When students first arrive on campus, a common concern is the hundreds of dollars they’ll need to spend on textbooks and course materials.
Students and parent agree that the cost of textbooks is the number one higher-education obstacle, according to focus groups led by New America‘s Education Policy.
Their financial concerns are justified. Textbook prices have risen by more than 1,000% since 1977. Now, course books cost undergraduates more than $1,200 on average each year, according to the College Board.
New research may have found a major culprit behind rising textbook prices: books bundled with access codes, Kathy Kristof writes for CBS MoneyWatch. Access codes hide class materials like quizzes and flashcards behind a paywall and after the semester is over, students can no longer access that content, she writes.
Researchers at the U.S. Public Interest Research Group (USPIRG) analyzed textbook prices for general education courses at 40 public and private two- and four-year colleges and found that approximately 4 in 10 courses required students to purchase textbooks bundled with access codes.

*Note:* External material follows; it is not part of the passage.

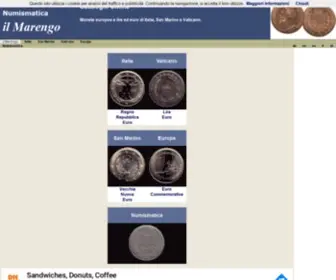 Ilmarengo.com(Numismatica il Marengo) Screenshot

Textbooks bundled with access codes are most prevalent in these introductory courses, says Kaitlyn Vitez, the study’s lead author.
When textbooks and access codes are sold separately, students can save money by buying a used version of the textbook, Kristof writes.
While publishers now offer bundle components individually, they aren’t required to sell the individual components at the campus bookstore, she adds. It can be difficult to find the individual components separately, which pushes most students to pay full price, Kristof writes.
High textbook prices can hurt students’ wallets and their academic success. When textbook prices are too high, many students won’t purchase them—a decision that can hurt their grades or even cause them to leave school.
Problems that might seem minor—like missing a textbook—can lead students to stop out
To combat these rising college textbook prices, some colleges and universities are turning to open-education resources, which reduce the cost to well below the national average, Kristof writes.
Greenfield Community College, for example, uses open-access texts in three of their required general education courses, which allows students to spend as little as $31 per course, rather than the national average of $153 per course, according to the study.
With open-access resources, students can avoid a paywall and access the material wherever they are in their professional or academic life, says Nicole Finkbeiner, an associate director at OpenStax (Kristof, MoneyWatch, 2/8; USPIRG report, accessed 2/8; USPIRG press release, accessed 2/8).